Copies of all lines that contain "Dark" are needed; take them from the data below.
═════ Recorded data ═════
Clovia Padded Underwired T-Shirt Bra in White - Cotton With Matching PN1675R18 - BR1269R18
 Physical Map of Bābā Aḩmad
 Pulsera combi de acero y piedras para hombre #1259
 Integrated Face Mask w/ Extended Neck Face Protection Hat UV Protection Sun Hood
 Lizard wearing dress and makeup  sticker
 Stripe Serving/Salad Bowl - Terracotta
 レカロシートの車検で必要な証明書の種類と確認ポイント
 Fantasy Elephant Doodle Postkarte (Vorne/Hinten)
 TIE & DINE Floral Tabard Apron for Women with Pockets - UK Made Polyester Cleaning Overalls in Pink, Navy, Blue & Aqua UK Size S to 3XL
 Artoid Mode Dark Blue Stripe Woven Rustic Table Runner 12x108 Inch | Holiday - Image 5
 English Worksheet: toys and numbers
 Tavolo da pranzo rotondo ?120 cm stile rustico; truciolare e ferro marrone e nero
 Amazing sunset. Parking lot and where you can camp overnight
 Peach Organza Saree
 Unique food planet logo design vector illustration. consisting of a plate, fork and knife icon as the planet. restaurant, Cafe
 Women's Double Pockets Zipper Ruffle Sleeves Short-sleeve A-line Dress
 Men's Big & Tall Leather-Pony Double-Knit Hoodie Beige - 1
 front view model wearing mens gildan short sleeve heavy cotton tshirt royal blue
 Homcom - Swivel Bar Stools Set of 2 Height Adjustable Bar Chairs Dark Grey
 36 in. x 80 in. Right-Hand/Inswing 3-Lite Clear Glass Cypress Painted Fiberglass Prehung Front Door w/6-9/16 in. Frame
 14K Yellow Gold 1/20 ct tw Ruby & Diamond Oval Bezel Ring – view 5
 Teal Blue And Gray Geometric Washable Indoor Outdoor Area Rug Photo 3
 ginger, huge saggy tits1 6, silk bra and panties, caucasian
═════
■ **Expected answer**
 Artoid Mode Dark Blue Stripe Woven Rustic Table Runner 12x108 Inch | Holiday - Image 5
 Homcom - Swivel Bar Stools Set of 2 Height Adjustable Bar Chairs Dark Grey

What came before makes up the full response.